Feature Type
-
[X] Adding new functionality to pandas
-
[ ] Changing existing functionality in pandas
-
[ ] Removing existing functionality in pandas
Problem Description
I suggest adding options first_inverted
and last_inverted
as keep
options to function pandas.DataFrame.duplicated
. Below an example of how it would work and what it would return.
df = pd.DataFrame({ 'brand': ['Yum Yum', 'Yum Yum', 'Yum Yum', 'Indomie', 'Indomie', 'Indomie'], 'style': ['cup', 'cup', 'cup', 'cup', 'pack', 'pack'], 'rating': [4, 4, 4, 3.5, 15, 5], })
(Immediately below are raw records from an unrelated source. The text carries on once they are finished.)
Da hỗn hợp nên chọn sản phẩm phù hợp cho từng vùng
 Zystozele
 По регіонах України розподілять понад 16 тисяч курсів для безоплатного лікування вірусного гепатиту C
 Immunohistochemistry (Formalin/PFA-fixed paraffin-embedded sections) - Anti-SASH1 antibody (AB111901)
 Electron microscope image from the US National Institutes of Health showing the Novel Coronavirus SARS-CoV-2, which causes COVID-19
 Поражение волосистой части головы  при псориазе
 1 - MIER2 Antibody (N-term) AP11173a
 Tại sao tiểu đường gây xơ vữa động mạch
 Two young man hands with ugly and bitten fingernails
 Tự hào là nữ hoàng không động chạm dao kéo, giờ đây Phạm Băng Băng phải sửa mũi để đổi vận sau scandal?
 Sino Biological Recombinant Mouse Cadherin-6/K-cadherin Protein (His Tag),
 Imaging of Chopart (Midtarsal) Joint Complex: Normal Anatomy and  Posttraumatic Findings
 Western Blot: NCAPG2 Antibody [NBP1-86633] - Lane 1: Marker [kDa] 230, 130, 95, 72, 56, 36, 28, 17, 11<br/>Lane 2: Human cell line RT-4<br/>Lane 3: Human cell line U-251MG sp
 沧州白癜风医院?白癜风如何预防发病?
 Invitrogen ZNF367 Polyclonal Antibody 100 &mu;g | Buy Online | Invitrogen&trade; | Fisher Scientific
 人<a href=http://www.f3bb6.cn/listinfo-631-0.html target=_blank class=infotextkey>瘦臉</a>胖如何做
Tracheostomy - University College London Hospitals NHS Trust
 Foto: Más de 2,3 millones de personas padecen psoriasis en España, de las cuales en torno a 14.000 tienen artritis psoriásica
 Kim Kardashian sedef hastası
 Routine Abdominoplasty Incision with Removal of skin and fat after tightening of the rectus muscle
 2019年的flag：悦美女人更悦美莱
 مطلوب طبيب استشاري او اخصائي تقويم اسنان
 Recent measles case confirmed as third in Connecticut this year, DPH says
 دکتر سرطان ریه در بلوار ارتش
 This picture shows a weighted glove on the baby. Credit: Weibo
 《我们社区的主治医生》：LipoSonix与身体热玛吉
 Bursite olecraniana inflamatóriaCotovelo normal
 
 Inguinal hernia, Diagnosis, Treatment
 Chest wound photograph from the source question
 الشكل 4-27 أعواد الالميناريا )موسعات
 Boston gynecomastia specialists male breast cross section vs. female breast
df.duplicated(keep='first_inverted')
0 True 1 False 2 False 3 False 4 False 5 False dtype: bool
Feature Description
.
Alternative Solutions
.
Additional Context
No response
Comment From: KevsterAmp
take
Comment From: rhshadrach
Is this request the same as doing df.duplicated(keep=False) & ~df.duplicated(keep="first")
?
Comment From: tommycarstensen
@rhshadrach Yes, that is correct. I just wanted to avoid two loops over a very large dataframe.
Comment From: rhshadrach
I do not think we should expand the API to include a specific implementation for this operation. There are many different ways users may want to flag duplicates, and it's unsustainable to try to have specific implementations for each one.
Comment From: mroeschke
Agreed, closing